Why is Megaparsec treating these two operators differently?

Previous Topic Next Topic
 
classic Classic list List threaded Threaded
7 messages Options
Reply | Threaded
Open this post in threaded view
|

Why is Megaparsec treating these two operators differently?

Jeffrey Brown
I used Text.Megaparsec.Expr to write a minimal (56 lines) 2-operator recursive parser. It's on github[1]. It outputs a binary tree of the following form:

    data AExpr = Var String | Pair AExpr AExpr deriving (Show)

The operator table supplied to makeExprParser defines two operators, # and ##. ## binds after #, but both of them refer to the same function, the Pair constructor of the AExpr data type:

    aOperators :: [[Operator Parser AExpr]]
    aOperators =
      [ [ InfixN # symbol "#" *> pure (Pair) ]
      , [ InfixN # symbol "##" *> pure (Pair) ]
      ]

The # operator works in isolation:

    > parseMaybe aExpr "a # b"
    Just (Pair (Var "a") (Var "b"))

Parentheses work with the # operator:

    > parseMaybe aExpr "(a # b) # (c # d)"
    Just (Pair (Pair (Var "a") (Var "b")) -- whitespace added by hand
               (Pair (Var "c") (Var "d")))

And the # and ## operators work together as intended:

    > parseMaybe aExpr "a # b ## c # d"
    Just (Pair (Pair (Var "a") (Var "b")) -- whitespace added by hand
               (Pair (Var "c") (Var "d")))

But the ## operator in isolation does not parse!

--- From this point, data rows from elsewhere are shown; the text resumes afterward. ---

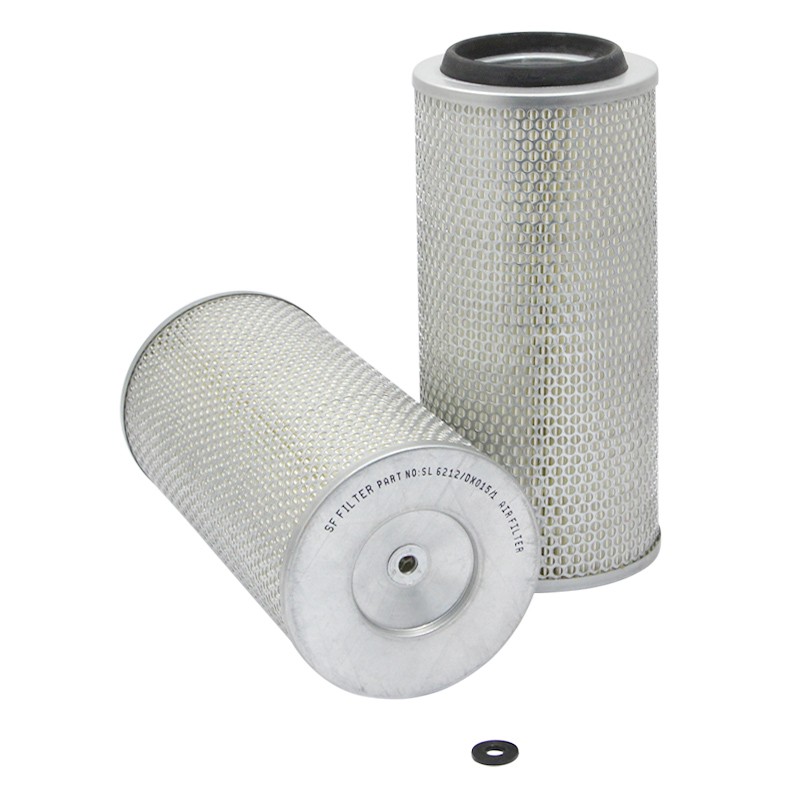 SF SL6212 Air Filter | RICO Europe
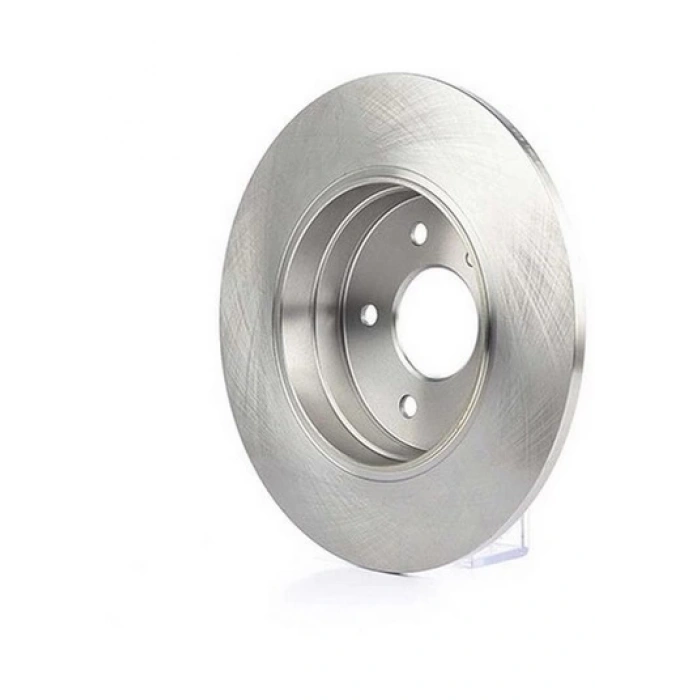 Fren Diski Arka Kompressör Mercedes W210-W203-W209 Bm 07-10 (Oem No: A2104230612)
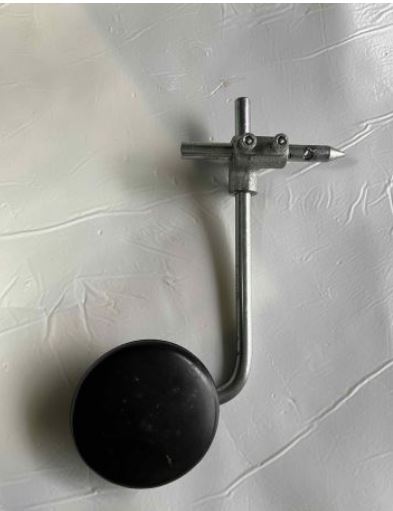 AD34 Adler leva alza piedino macchine cucire lineari in vendita - foto 1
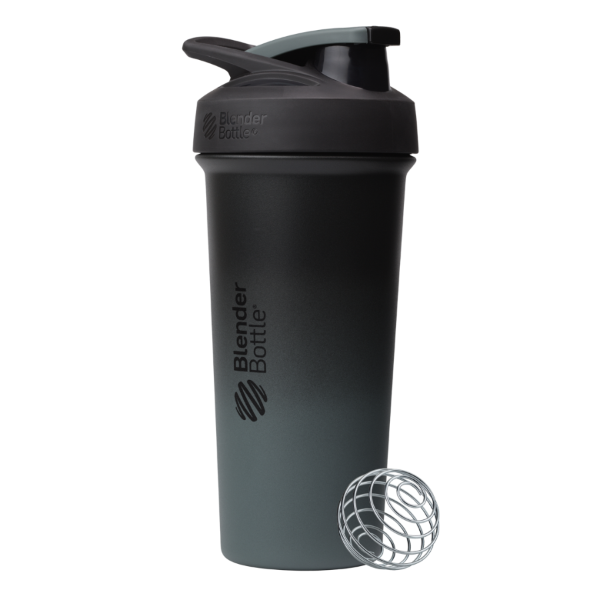 Sport Stainless Sleek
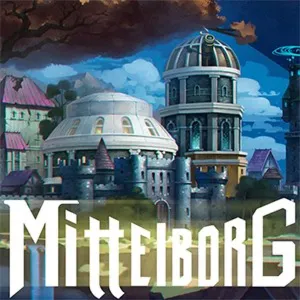 Mittelborg: City of Mages. Creator’s Version | XBOX+PC | На любой аккаунт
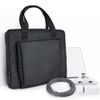 XTAR HB7 Carry bag For starlink mini (Black)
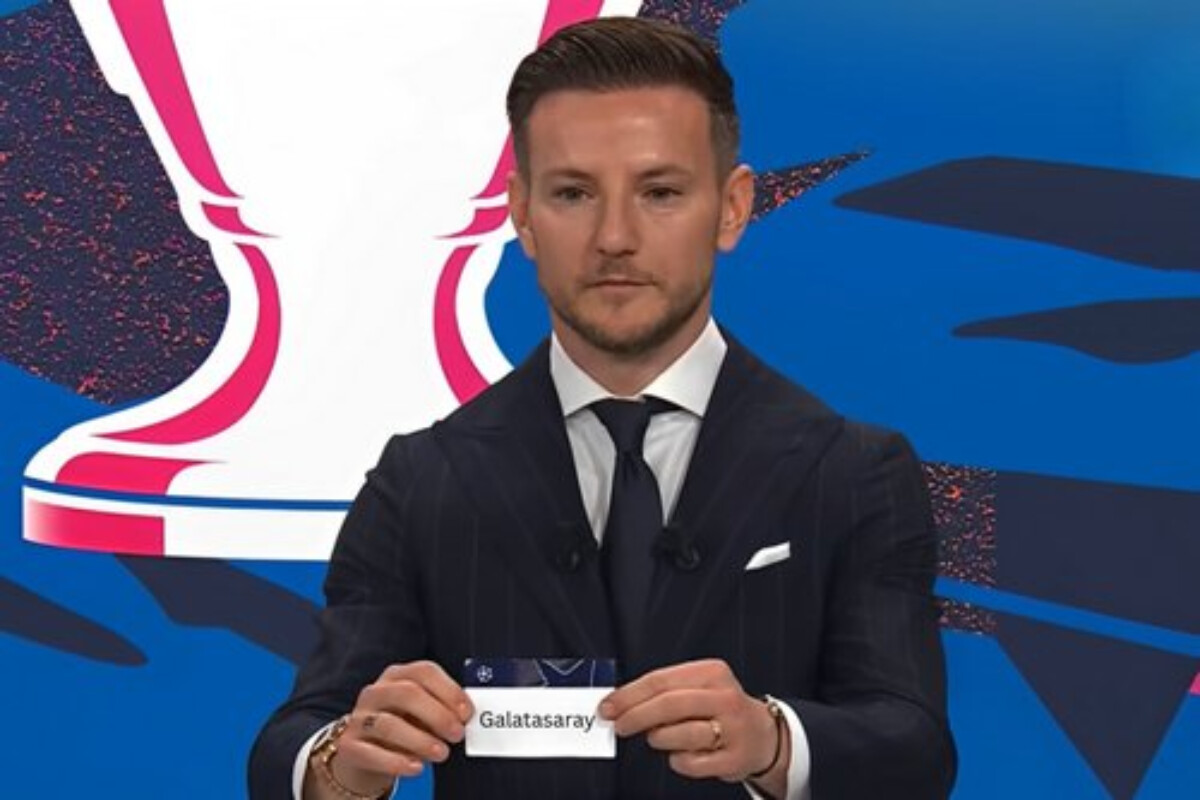 <p>"Qalatasaray"ın 1/8 finaldakı rəqibi bu gün müəyyənləşib</p>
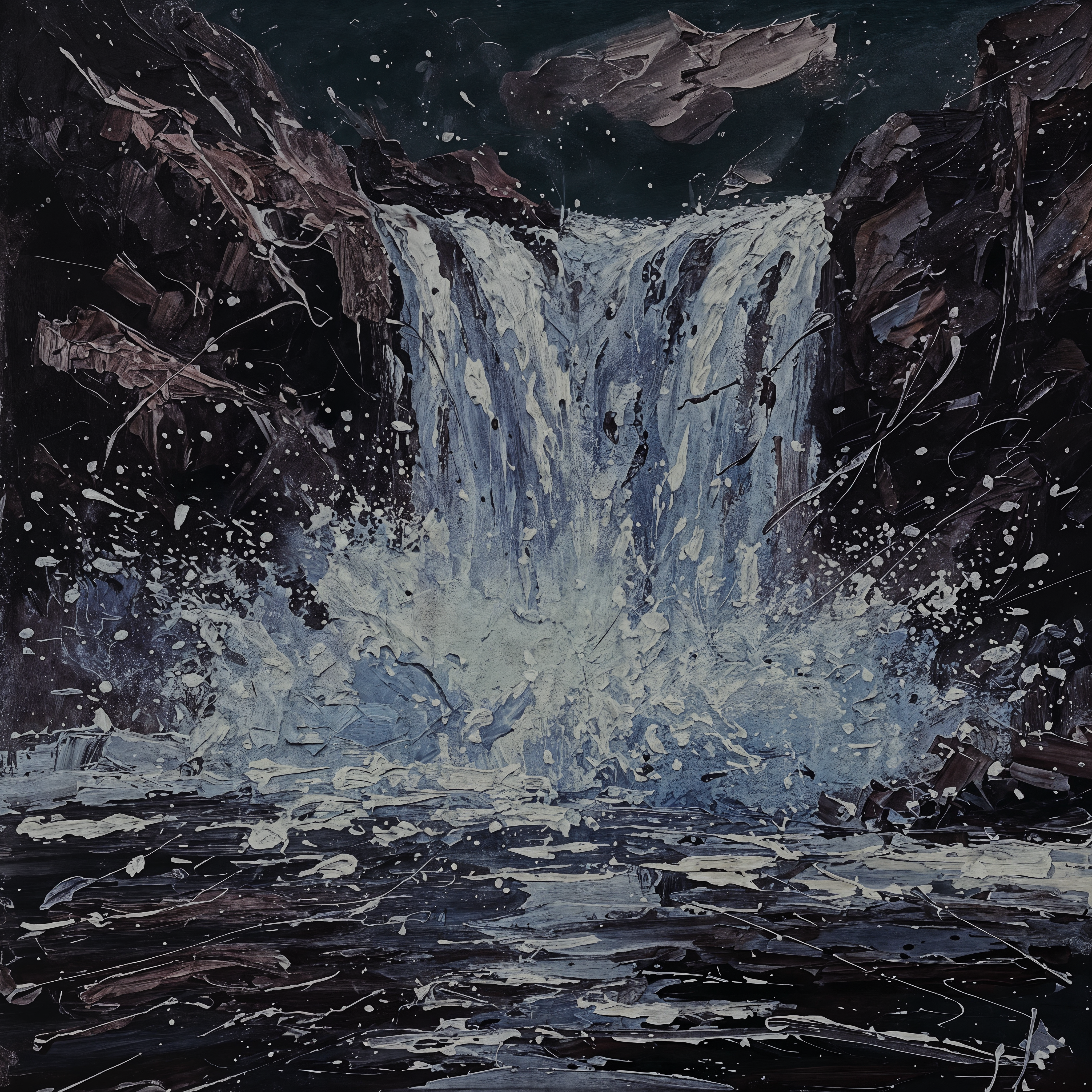 High Resolution Image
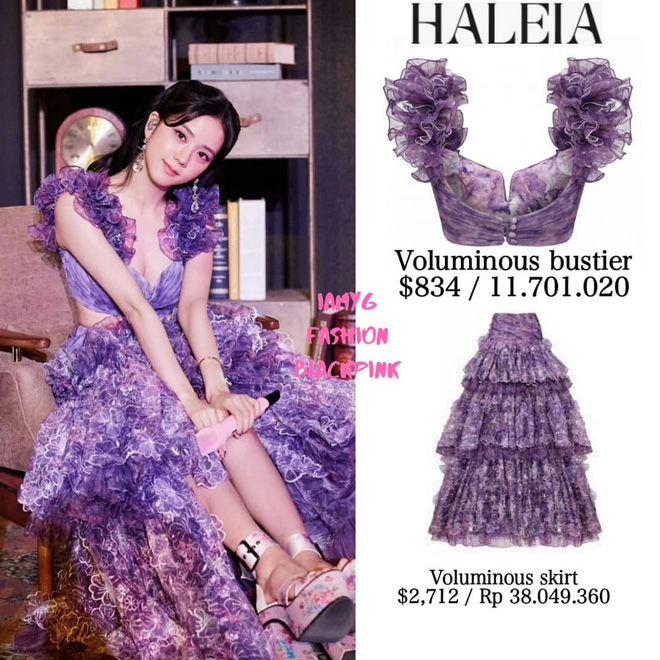 BLACKPINK lên đồ lạ lẫm vẫn tạo trend: Nhờ bàn tay vàng từ stylist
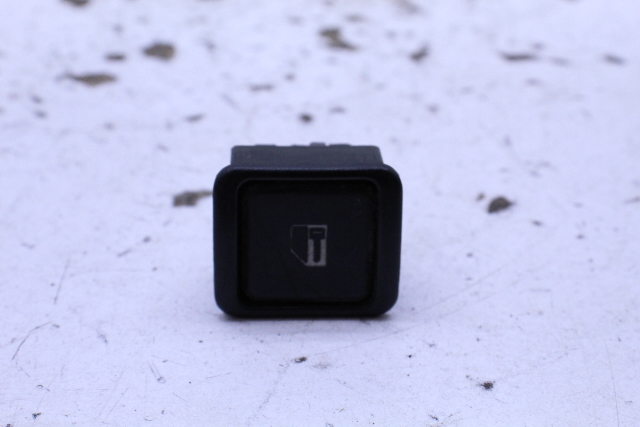 1999 BMW 328is E36 Window Lock Switch Buttone 8201451 Stock#20551 OEM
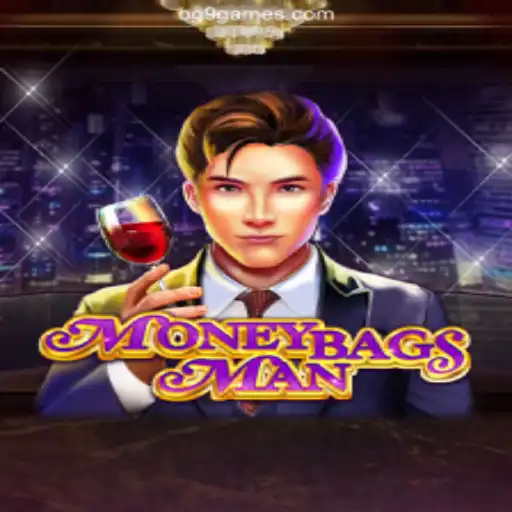 Discovering MoneybagsMan: The Exciting New Casino Game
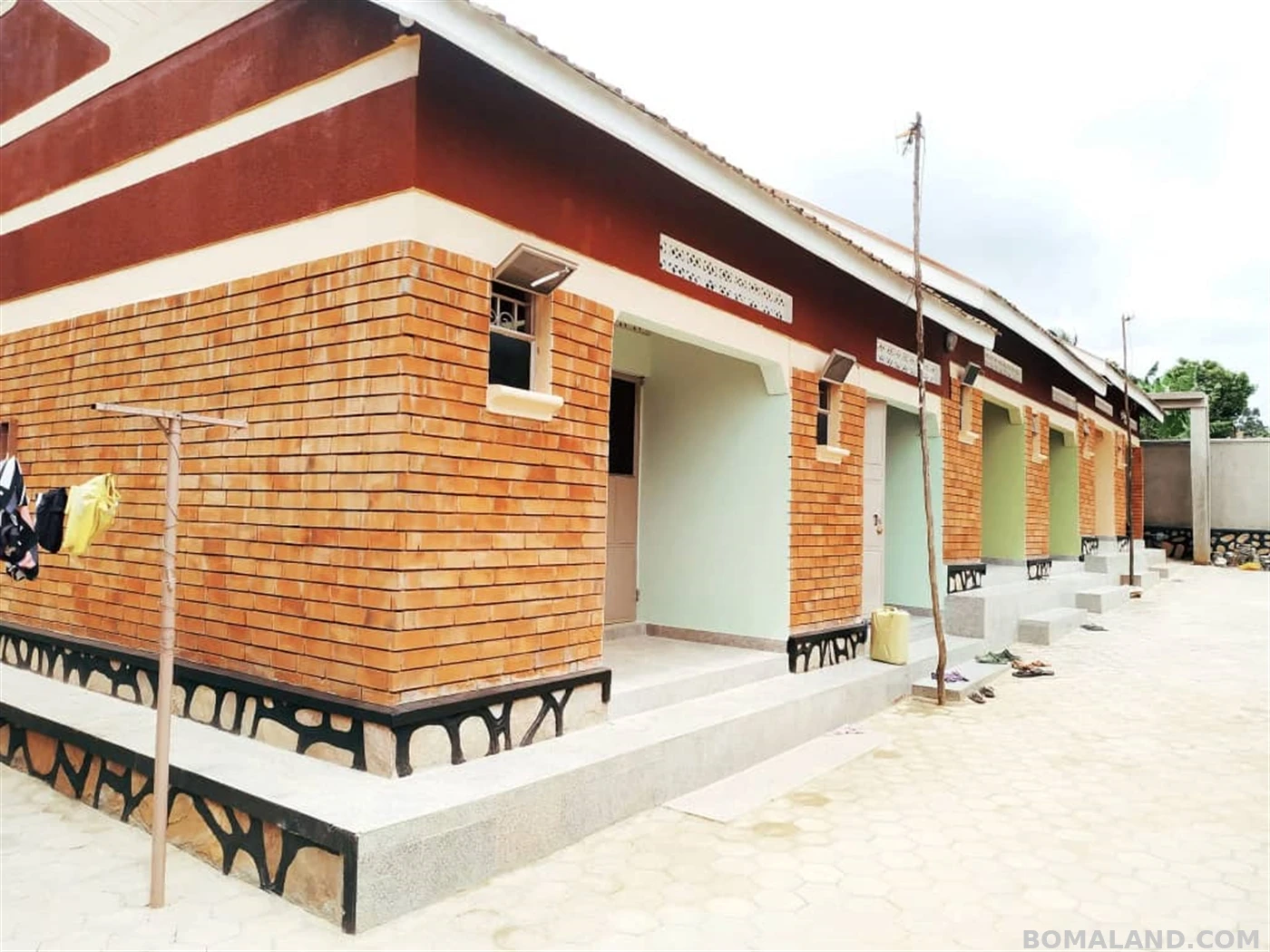 1 bedroom Semi Detached for sale in Seeta Mukono Uganda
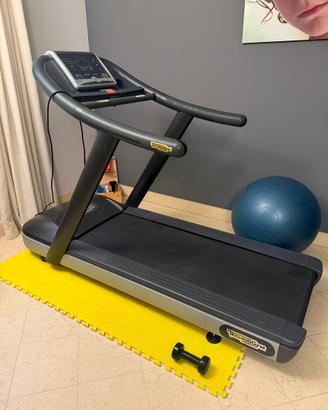 Tapis roulant Technogym mod. Jog 700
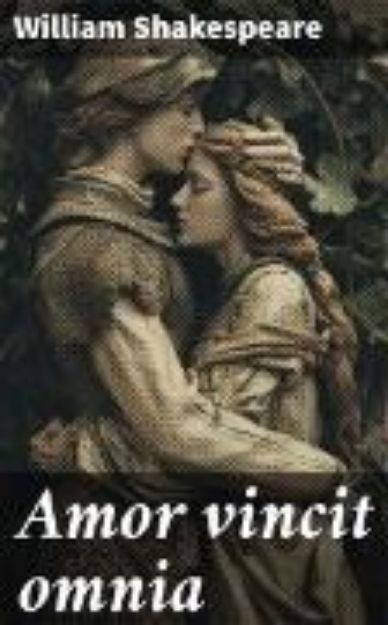 Bild von Amor vincit omnia (eBook)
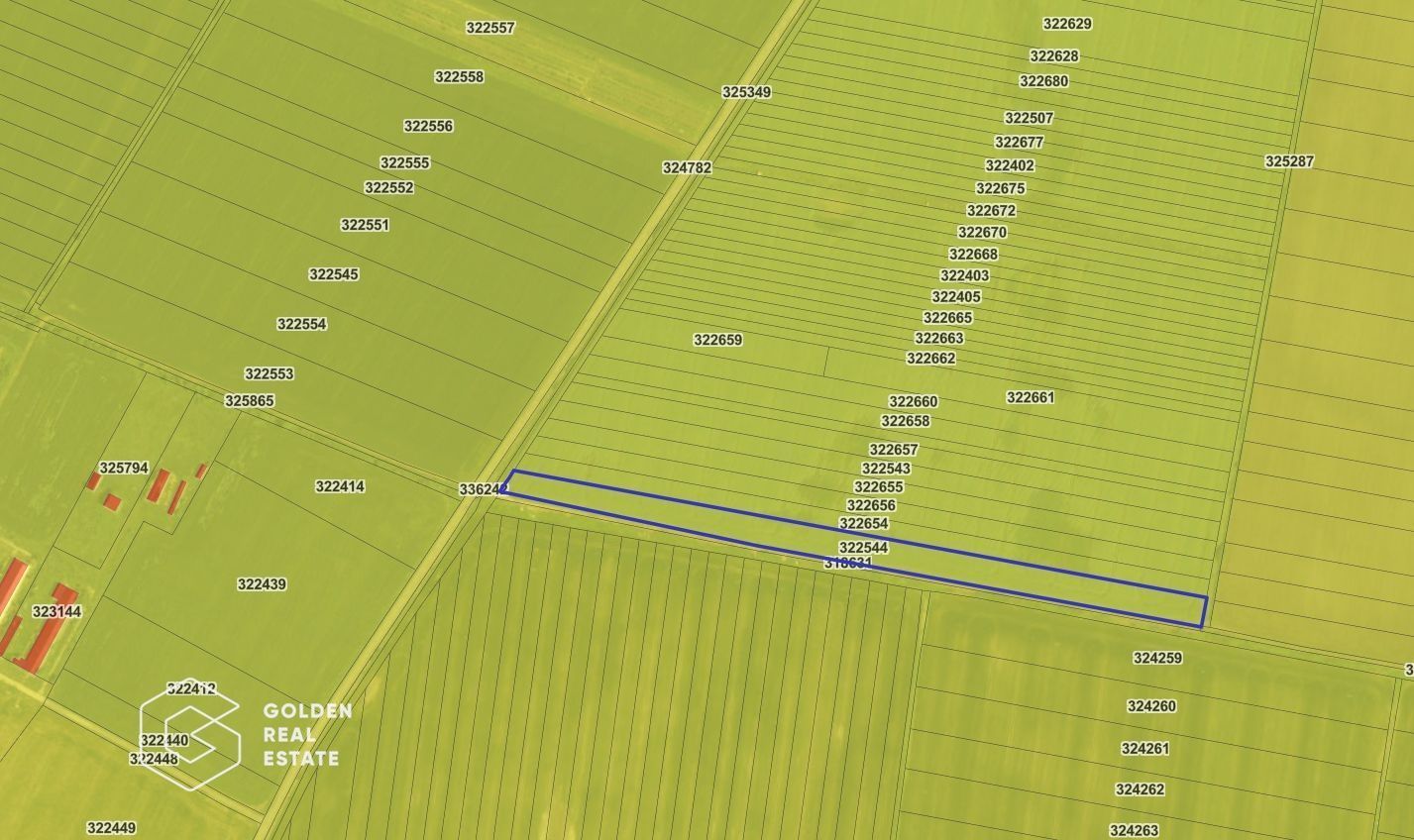 Teren agricol, 14 630 mp, Vladimirescu, ZERO COMISION - Poză 2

    > parseMaybe aExpr "a ## b"
    Nothing



--
Jeff Brown | Jeffrey Benjamin Brown
Website   |   Facebook   |   LinkedIn(I often miss messages here)   |   Github

_______________________________________________
Haskell-Cafe mailing list
To (un)subscribe, modify options or view archives go to:
http://mail.haskell.org/cgi-bin/mailman/listinfo/haskell-cafe
Only members subscribed via the mailman list are allowed to post.
Reply | Threaded
Open this post in threaded view
|

Re: Why is Megaparsec treating these two operators differently?

Brandon Allbery

On Sun, Oct 23, 2016 at 4:15 PM, Jeffrey Brown <[hidden email]> wrote:
      [ [ InfixN # symbol "#" *> pure (Pair) ]
      , [ InfixN # symbol "##" *> pure (Pair) ]
      ]

Combinator parsers can't rearrange themselves to do longest token matching. So the ## operator will take the first case, match against `symbol "#"` and aOperator will succeed; the the next token match will hit the unconsumed "#" and fail. If you place "##" first then it will match "##" but not "#", which would the match the second rule.

--
brandon s allbery kf8nh                               sine nomine associates
[hidden email]                                  [hidden email]
unix, openafs, kerberos, infrastructure, xmonad        http://sinenomine.net

_______________________________________________
Haskell-Cafe mailing list
To (un)subscribe, modify options or view archives go to:
http://mail.haskell.org/cgi-bin/mailman/listinfo/haskell-cafe
Only members subscribed via the mailman list are allowed to post.
Reply | Threaded
Open this post in threaded view
|

Re: Why is Megaparsec treating these two operators differently?

Jeffrey Brown
Thanks, Brandon! How did you know that?

I changed them to "#1" and "#2" and now it works[1].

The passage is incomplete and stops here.